When you reach the line containing "A spool of orange" in the entries below, start writing out each line exactly, and stop after the line containing "A digital hub".

##### Exercise data #####

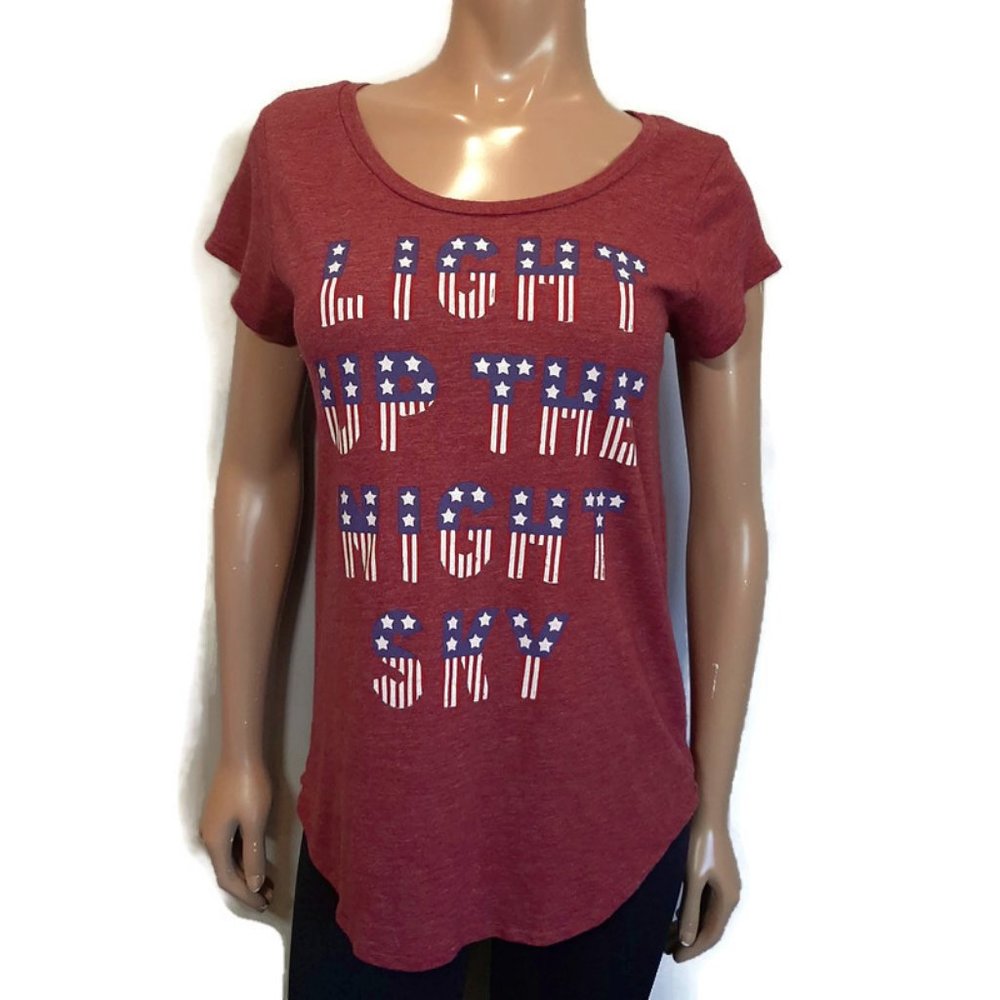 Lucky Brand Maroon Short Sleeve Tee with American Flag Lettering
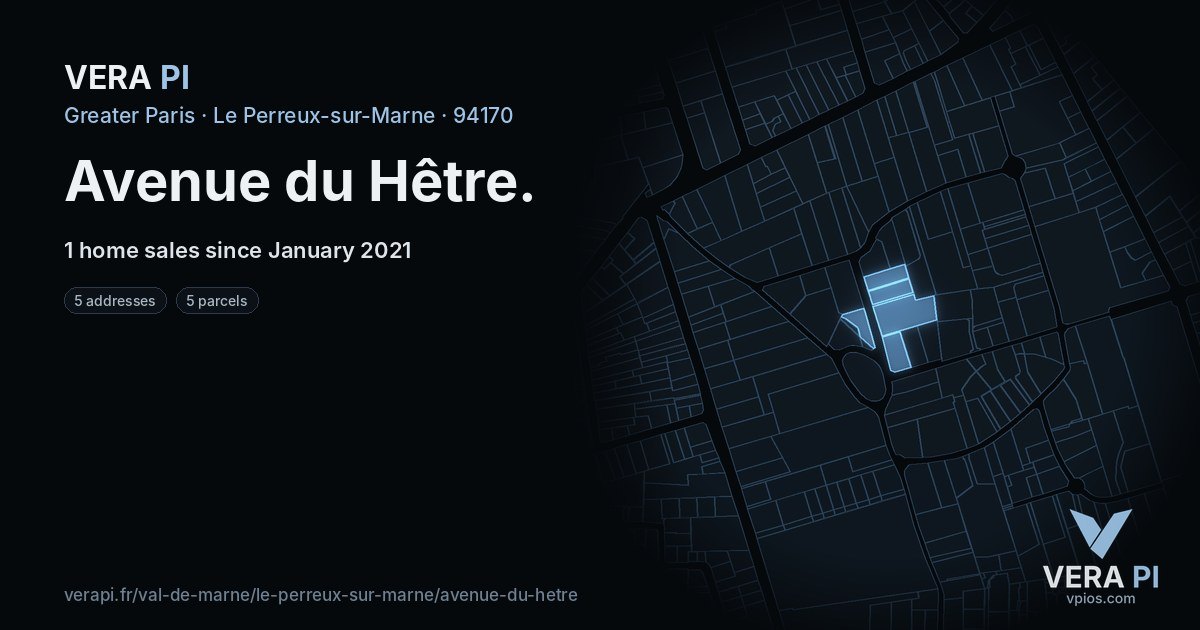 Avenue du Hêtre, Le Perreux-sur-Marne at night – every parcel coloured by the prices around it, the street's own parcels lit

#####
##### Exercise data #####

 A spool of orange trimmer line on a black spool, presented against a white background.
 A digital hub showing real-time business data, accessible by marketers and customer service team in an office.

#####

* [Answer section]
 A spool of orange trimmer line on a black spool, presented against a white background.
 A digital hub showing real-time business data, accessible by marketers and customer service team in an office.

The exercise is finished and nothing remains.